荀还是:“我更倾向后者,大概是因为什么事情不方便他继续在东都待着,而在邕州城遇到许南蓉是凑巧。正因为凑巧,所以梁小公子才在惊讶之余将人关押了起来。”
谢玉绥:“如果梁家害怕许南蓉出来,直接将人杀了就是,又何必大费周章做含了风险的事?”
说到这里,荀还是轻笑一声:“那你说有没有可能,是梁家原本觉得一个女儿就能搞定焦广瑞,结果发现自己家这个女儿并没有把持男人的能力,便不得不将许南蓉控制起来,万一某一日派上用场。活人的价值可比死人大多了,今日你也看见了,这位焦大人不结党羽,不欲与太子一行人为伍,虽说出自梁府,但还算为人公正。”
谢玉绥挑眉:“先是找你想要放了‘杀人凶手’许南蓉,而后又将疑似杀人凶手——你我从牢里放出来,荀阁主管这叫为人公正?”

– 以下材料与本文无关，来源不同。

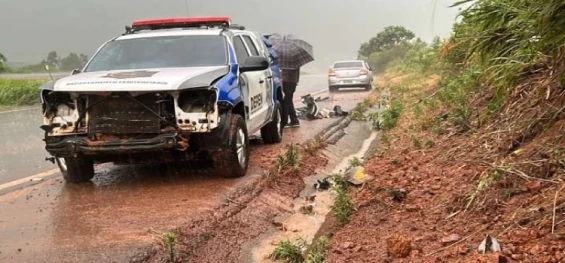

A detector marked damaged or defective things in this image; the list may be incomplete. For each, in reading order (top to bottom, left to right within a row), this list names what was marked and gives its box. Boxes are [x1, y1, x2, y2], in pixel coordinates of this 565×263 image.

damaged police pickup truck [38, 17, 282, 184]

话音稍停,小二托着菜上来,布好桌,道了句“慢用”后,挥着肩上的抹布离开。
荀还是透过菜肴上热气看向谢玉绥,白气模糊了谢玉绥的正脸,他感受到自己有些不合时宜的心跳,随后眯着眼道:“所谓公正,未必依托于律法,有些事情,唯心而论。”
作者有话说:
营养液进度(118/100)
第38章
两人吃着饭,那根多余的筷子依旧躺在桌子上。
荀还是饭量很小,吃了几口就歇了,手肘支在桌子上,手掌托着下巴,弯着眼睛看着谢玉绥慢条斯理地吃东西。
谢玉绥被人盯着也不觉得难为情,每一口都咀嚼得极为细致,吞咽动作很小。
两人就这样一言不发,一个人吃着,一个人看着。
眼瞅着米饭下了半碗,荀还是换了个姿势,动了动发麻的胳膊笑道:“突然觉得如果生活里只剩下柴米油盐,就这样每天看着你吃饭也是件不错的事情。”
“那荀阁主对生活的要求还挺低的。”谢玉绥没有抬头,夹菜的空档回了一嘴。
然而这一筷子菜在空中停顿片刻后突然换了个方向,在荀还是越来越惊讶的眼神中,落入了他的碗盘里。
“多吃,少说话。”谢玉绥没觉得自己这个动作有什么不对,收回筷子时顺便给夹了菜。
荀还是盯着碗里多出来的绿叶,皱着眉头眸光闪烁,略有些犹豫地开口:“你……”
“别急着感动,看你这身板便知道是个不好好吃饭的,就这还想看我一辈子?我觉得你三年都挺不过。”谢玉绥平时看着话不多,毒舌起来一点都不饶人,“到时候你准备变成鬼跟在我身边吗?那你可得考虑好,毕竟有一堆厉鬼在身边跟着你呢,等你死了正好算账,估计没闲心来找我。”